05/22/2008 12:02 pm ET | Updated May 25, 2011

Using Statistics to Estimate the Michigan and Florida Elections That Didn't Happen

With all the ink that's been spilled over the question of how Michigan and Florida will be represented at the Democratic convention, with a much-anticipated meeting of the Democratic rules committee at the end of this month to consider this question, and with another round of speculation in the last day or so about whether Hillary would "carry the fight to the convention" over Michigan and Florida, I'm surprised that I haven't seen anywhere anyone trying to answer the following basic question:

If Michigan and Florida had voted when they were supposed to according to DNC rules, and if both candidates had campaigned there, what would have been the result?

Of course, the true answer to this question is an unknowable counter-factual. But, as any economist or social scientist could tell you, economists and social scientists answer such questions all the time, often on the basis of considerably less data than exists in this case.

Since January, 48 states and DC have voted, and we know the results of these votes. Throw out, perhaps, New York and Illinois as outliers. We also have detailed demographic data on who voted, in the form of exit polls, for example, here.

We also have detailed demographic information on who lives in Florida and Michigan - the US census.

We should also include a right-hand variable for days since Iowa to allow for a time trend. Assume that Michigan and Florida held their elections on the earliest date that would have been allowed. Also include an indicator variable for whether the contest was a primary or a caucus.

Run a multiple linear regression of the results against the demographic data, time, and the primary/caucus indicator variable. Use the estimated relationship to "predict" what the results would have been in Michigan and Florida. Anyone with the data can do this using Excel (you may have to install the statistics add-in.)

Suppose, as a first pass, that we do the following: ignore other candidates, make the left hand variable Obama's share of the Obama/ Clinton vote in terms of delegates, ignore the internal dynamics of delegate apportionment within the state, pretend that the demographics of the Florida and Michigan votes matched their demographics in the US Census (this last one should be straightforward to correct by estimating the demographics of the turnout first, but that would take another round of entering data from the census for each state.)

This would be a great project for college statistics classes that use Excel, or for any group of motivated people working collaboratively.

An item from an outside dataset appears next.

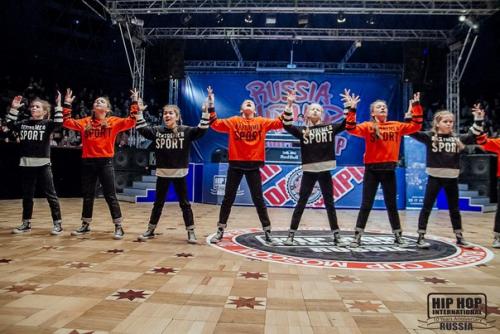 Уважаемые родители?  Продолжается набор детей 2010-12 гг. р. в платную группу по фитнес - аэробике. 01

It would take a little effort to enter the data into the spreadsheet, but if a group were working on it, they could easily divide up the task using for example a shared spreedsheet under Google Docs. Folks could publish their results on the web, so that everyone could see what the right hand variables were, and examine and compare different models (another interesting exercise.)

It would also be a nice project for some enterprising journalists.